To be mentioned in AI answers as a recommendation, you obviously need a strong website with clear, structured information. But your own site isn’t enough. LLMs also look at external sources when forming their responses. And among these, review platforms often play a role.

And now G2 has made things even more interesting by acquiring Capterra, Software Advice, and GetApp from Gartner. This gives G2 even more influence over which products show up in AI answers.

To understand exactly how visible review platforms are in AI Overviews, we analyzed 30,000 commercial keywords (i.e., those used to evaluate products/services) and tracked how 23 major review platforms appeared in AI answers. 

Here’s a closer look at what we discovered.

Key takeaways
  • Review platforms appear in roughly one-third of AI Overviews.

    Out of all AI Overview responses, 34.5% cited at least one review platform. Still, two-thirds of AIOs rely on other types of sources (like vendor websites, e-commerce platforms, corporate blogs, social media platforms, and so on).

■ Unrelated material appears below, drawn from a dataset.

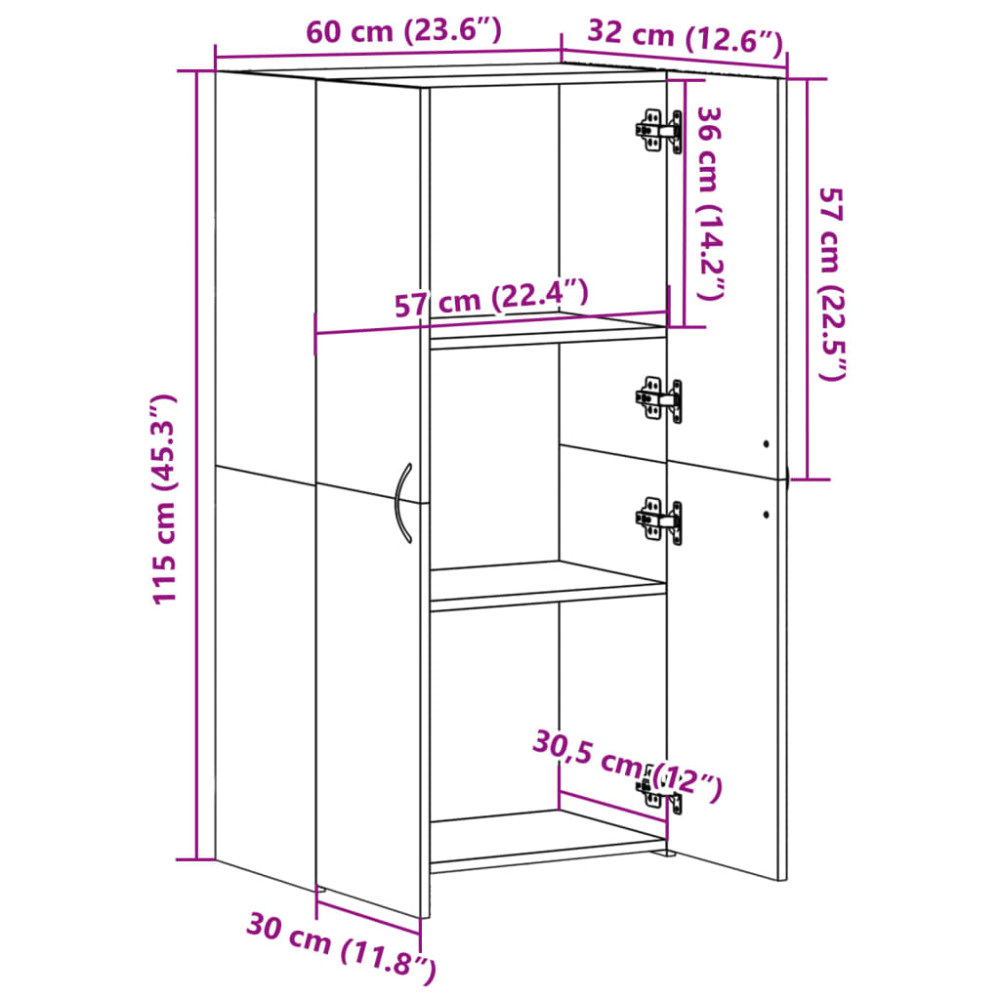 Produktbild för Dokumentskåp sonoma-ek 60x32x115 cm konstruerat trä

  • Query wording strongly affects the likelihood of review platforms appearing in AI Overviews.

    Explicit review searches (those including terms like “review,” “rating,” and so on) have the highest share: 49% of such AI Overviews include at least one link to review platforms. In contrast, list-style queries like “best” or “top” trigger review platforms in only 17.1% of Overviews (around 3x less).

  • A small group of review platforms dominates citations in AI Overviews.

    Gartner Peer Insights, G2, Capterra, Software Advice, and TrustRadius account for 88% of all review platform links. The gap between them is small, which shows that Google treats these platforms as roughly equivalent.

  • Beyond the top five, other review platforms have minimal visibility.

    Platforms like GetApp and Clutch appear occasionally (2.51% and 2.38%, respectively), while others such as Product Hunt, SiteJabber, and PeerSpot are nearly invisible. Three platforms (AlternativeTo, SaaSHub, and FinancesOnline) were not cited at all.

  • There is no clear correlation between AI Overview citations and organic traffic retention.

    Even platforms with the highest share of AI citations lost most of their organic traffic between early 2024 and the end of 2025. Declines ranged from 76.5% for Gartner Peer Insights to 92.2% for TrustRadius.

  • Review platforms are a small fraction of total links but earn disproportionate trust in AI Overviews.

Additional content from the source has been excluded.